Start als eerste, zonder het spel verder uit te leggen. Kies een voorwerp uit de klas, waarvan je vindt, dat het bij een bepaald kind past. Bijvoorbeeld: ‘Ik geef jou een pen, omdat je al zo goed letters kunt schrijven.’ Vertel nu dat het kind iets mag uitzoeken voor een ander kind en dat hij/zij het cadeautje op dezelfde manier moet aanbieden, zoals u dat gedaan hebt. Aandachtspunten: Zorg ervoor, dat steeds een ander kind een cadeautje krijgt. Laat kinderen elkaar helpen, door interesses, hobby’s en kwaliteiten van een ander kind te benoemen. Laat kinderen elkaar bedanken. Vertel dat het een spel is.

De kinderen mogen de spullen niet écht houden!


Een logeerknuffel

Benodigdheden:

- Een knuffel

- Een koffertje of een rugzak

- Een dagboek

- Een tandenborstel

De logeerknuffel mag steeds met een kind mee naar huis. Hij/zij mag schrijven of tekenen wat de knuffel allemaal heeft beleefd tijdens zijn logeerpartij.


Rangschikken

Benodigdheden:

- Geen

Geef de kinderen de opdracht om op volgorde te gaan staan, zonder met elkaar te spreken.

De volgorde kan bijvoorbeeld gaan over de lengte, schoenmaat, de lengte van het haar. de leeftijd enz.


Verschillen en overeenkomsten

Benodigdheden:

- Geen

De kinderen lopen kriskras door elkaar.

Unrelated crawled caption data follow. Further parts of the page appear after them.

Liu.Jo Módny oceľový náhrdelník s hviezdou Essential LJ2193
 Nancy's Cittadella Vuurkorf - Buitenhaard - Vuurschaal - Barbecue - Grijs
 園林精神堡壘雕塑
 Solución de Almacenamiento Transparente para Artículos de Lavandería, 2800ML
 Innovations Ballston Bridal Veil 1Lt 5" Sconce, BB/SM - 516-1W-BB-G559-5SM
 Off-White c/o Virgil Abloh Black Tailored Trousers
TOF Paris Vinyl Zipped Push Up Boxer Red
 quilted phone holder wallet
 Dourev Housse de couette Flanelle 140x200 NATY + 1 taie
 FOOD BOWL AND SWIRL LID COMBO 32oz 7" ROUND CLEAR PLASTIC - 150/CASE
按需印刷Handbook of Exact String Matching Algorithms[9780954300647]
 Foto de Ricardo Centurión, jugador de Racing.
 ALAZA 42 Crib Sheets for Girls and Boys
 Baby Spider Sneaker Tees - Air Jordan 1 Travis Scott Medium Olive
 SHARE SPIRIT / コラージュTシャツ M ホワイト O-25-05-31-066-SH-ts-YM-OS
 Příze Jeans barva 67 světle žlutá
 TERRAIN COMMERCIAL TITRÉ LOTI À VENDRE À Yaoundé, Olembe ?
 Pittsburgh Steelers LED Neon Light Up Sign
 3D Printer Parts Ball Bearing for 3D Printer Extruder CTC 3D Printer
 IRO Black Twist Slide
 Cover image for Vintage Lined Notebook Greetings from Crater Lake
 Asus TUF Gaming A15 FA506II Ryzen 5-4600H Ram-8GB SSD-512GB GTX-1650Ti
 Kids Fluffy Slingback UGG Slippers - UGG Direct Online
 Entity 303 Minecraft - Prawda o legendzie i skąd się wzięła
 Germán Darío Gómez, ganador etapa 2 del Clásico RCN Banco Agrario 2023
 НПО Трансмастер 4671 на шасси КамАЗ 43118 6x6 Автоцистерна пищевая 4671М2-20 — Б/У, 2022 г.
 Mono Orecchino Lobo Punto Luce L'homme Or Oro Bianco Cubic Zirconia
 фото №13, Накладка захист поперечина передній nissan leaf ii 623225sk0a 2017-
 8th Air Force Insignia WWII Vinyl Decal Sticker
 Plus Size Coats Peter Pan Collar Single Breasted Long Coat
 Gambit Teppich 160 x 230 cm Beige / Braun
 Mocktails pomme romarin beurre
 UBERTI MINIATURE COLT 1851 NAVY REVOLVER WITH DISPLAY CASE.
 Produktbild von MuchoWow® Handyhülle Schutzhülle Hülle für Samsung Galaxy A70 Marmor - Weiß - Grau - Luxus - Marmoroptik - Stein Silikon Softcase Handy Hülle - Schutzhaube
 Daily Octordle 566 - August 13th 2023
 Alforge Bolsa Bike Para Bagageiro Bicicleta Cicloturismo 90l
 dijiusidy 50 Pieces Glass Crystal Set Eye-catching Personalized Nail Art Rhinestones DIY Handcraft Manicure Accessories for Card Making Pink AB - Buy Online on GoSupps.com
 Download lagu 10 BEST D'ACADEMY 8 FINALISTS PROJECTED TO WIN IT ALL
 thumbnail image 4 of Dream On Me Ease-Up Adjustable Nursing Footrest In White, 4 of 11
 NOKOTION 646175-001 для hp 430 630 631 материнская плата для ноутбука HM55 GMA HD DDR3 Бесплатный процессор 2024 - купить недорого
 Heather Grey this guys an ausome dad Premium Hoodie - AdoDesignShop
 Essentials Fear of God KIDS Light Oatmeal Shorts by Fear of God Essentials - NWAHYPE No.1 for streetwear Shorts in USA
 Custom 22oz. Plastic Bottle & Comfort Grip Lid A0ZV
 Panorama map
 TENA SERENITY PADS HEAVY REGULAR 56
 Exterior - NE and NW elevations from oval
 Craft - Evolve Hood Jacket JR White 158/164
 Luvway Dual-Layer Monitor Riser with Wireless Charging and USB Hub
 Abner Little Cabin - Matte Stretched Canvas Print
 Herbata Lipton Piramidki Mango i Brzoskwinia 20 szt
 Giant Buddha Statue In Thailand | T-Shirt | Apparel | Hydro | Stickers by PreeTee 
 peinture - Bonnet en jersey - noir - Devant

Ze zoeken al lopende iemand met wie zij iets gemeen hebben. Laat ze op die manier groepjes of tweetallen maken. Bijvoorbeeld:

  • Zoek kinderen die dezelfde kleur ogen hebben

  • Zoek kinderen die dezelfde kleur sokken dragen

  • Zoek kinderen die dezelfde sport doen

  • Zoek kinderen die even oud zijn

  • Zoek kinderen die van hetzelfde dier houden


Wat is er hetzelfde/anders?

Benodigdheden:

- Halve afbeeldingen, die samen weer een hele vormen

Geef de kinderen allemaal een halve afbeelding. Ze gaan al wandelend door de kring op zoek naar degene die het andere stukje van de afbeelding heeft. Als de kinderen elkaar vinden bespreken ze met elkaar wat ze hetzelfde hebben en wat anders.


Wie-hoe-wat?

Benodigdheden:

- Geen

De kinderen zitten in de kring. De leerkracht noemt steeds een andere eigenschap en handeling op. Alle kinderen die zich daarin herkennen voeren deze handeling uit.

Bijvoorbeeld: Alle kinderen die...

  • Een broer hebben knippen met hun vingers

  • Graag een trui dragen, knipperen met hun ogen

  • Deze week een boek hebben gelezen, klappen twee keer in hun handen

  • Graag frietjes eten, fluiten

  • Goed kunnen zwemmen, kloppen op hun borst

  • Niet van spruitjes houden, steken hun tong uit

  • Voetballen, trappen met hun been naar voren

  • Een hond hebben, zeggen 'waf'

Enzovoort...


Tekenen

Benodigdheden:

- Papier met de omtrek van een gezicht

- Potloden

De kinderen maken een buiten- en binnen kring. Ze geven het papier aan degene die tegenover hen staat. Deze kijkt goed en tekent de ogen en wenkbrauwen van het kind.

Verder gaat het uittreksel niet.